**Your instructions:** All lines in the records below from the line with "Mujer en forma" through the line with "Vista de cerca" are to be given again exactly, both ends included; the pictures are to be left out.

**Dataset:**
========
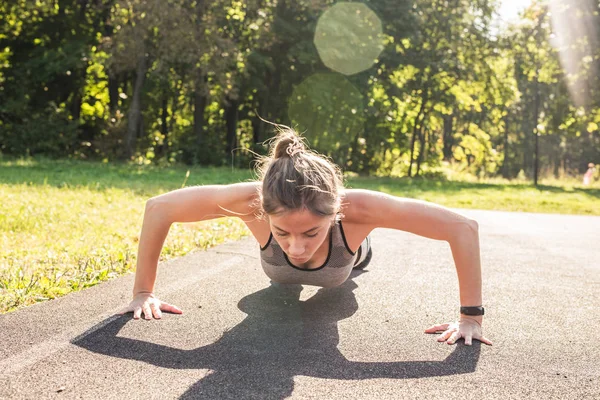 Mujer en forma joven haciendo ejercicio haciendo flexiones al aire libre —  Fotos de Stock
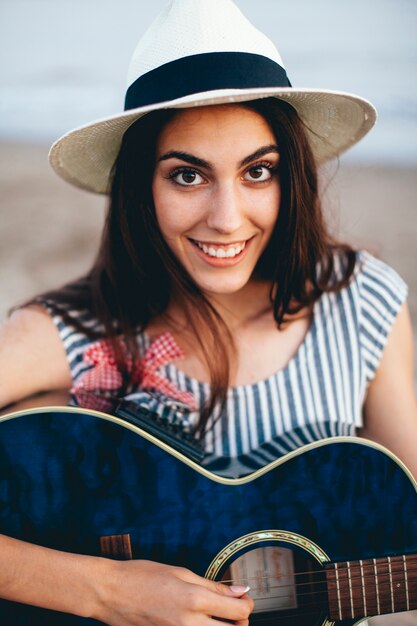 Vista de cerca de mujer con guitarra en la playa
========
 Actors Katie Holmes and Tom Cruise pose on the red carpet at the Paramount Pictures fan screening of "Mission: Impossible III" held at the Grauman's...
========
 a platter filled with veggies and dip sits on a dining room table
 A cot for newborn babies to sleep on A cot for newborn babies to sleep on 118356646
========
**Result for this exercise:**
 Mujer en forma joven haciendo ejercicio haciendo flexiones al aire libre —  Fotos de Stock
 Vista de cerca de mujer con guitarra en la playa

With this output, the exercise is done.